INSTRUCTIONS FOR THE TASK ::
Please make an exact transcription of the records, keeping the pictures out of it.

─── DATA FOR PROCESSING ───

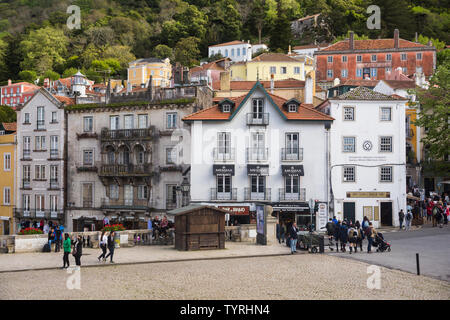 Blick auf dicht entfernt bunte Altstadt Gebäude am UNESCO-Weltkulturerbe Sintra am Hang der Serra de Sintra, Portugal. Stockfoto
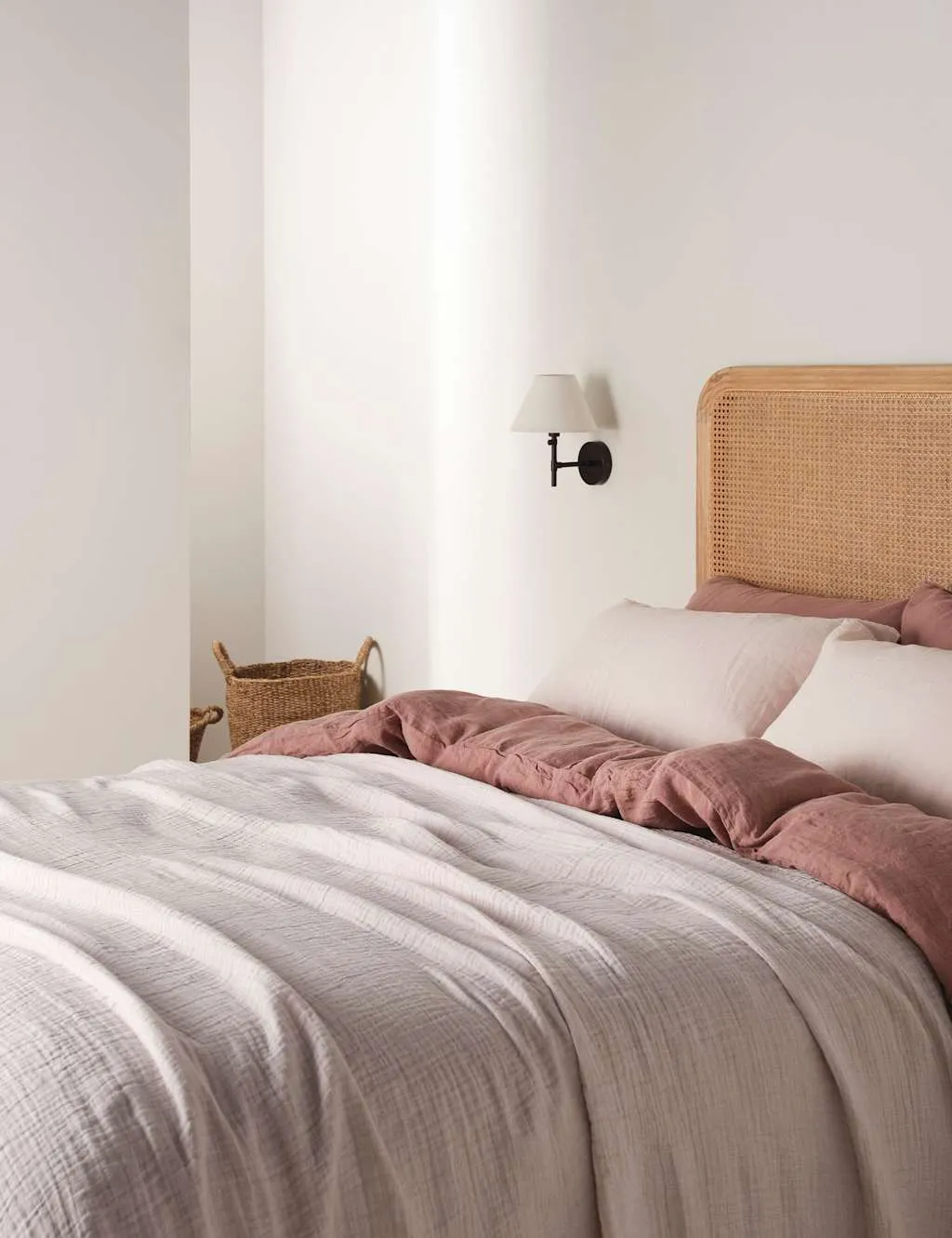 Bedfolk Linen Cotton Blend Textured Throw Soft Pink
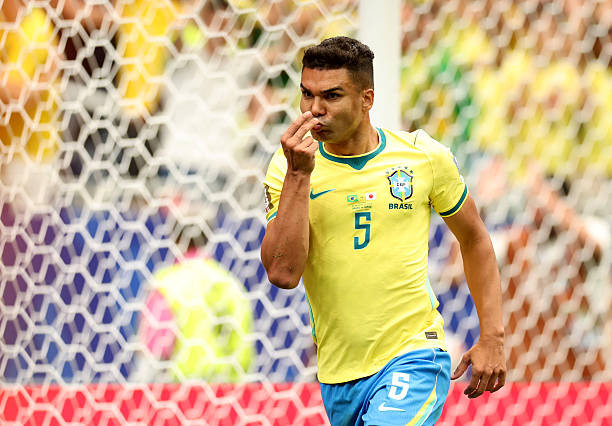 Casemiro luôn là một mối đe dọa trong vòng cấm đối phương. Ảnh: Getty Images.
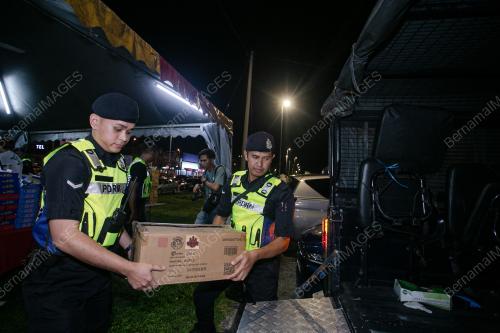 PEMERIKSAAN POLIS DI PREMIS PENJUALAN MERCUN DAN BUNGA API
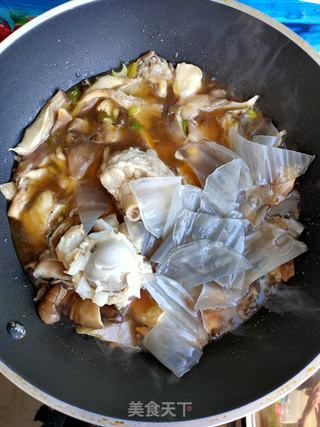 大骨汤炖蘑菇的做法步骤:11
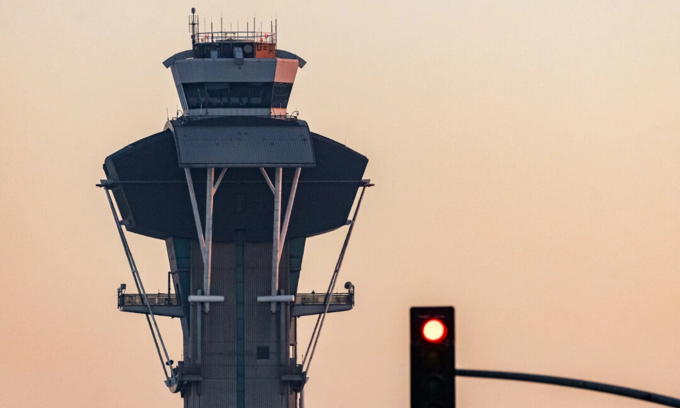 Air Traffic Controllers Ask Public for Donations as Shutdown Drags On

───

ANSWER FOR THIS EXERCISE ::
 Blick auf dicht entfernt bunte Altstadt Gebäude am UNESCO-Weltkulturerbe Sintra am Hang der Serra de Sintra, Portugal. Stockfoto
 Bedfolk Linen Cotton Blend Textured Throw Soft Pink
 Casemiro luôn là một mối đe dọa trong vòng cấm đối phương. Ảnh: Getty Images.
 PEMERIKSAAN POLIS DI PREMIS PENJUALAN MERCUN DAN BUNGA API
 大骨汤炖蘑菇的做法步骤:11
 Air Traffic Controllers Ask Public for Donations as Shutdown Drags On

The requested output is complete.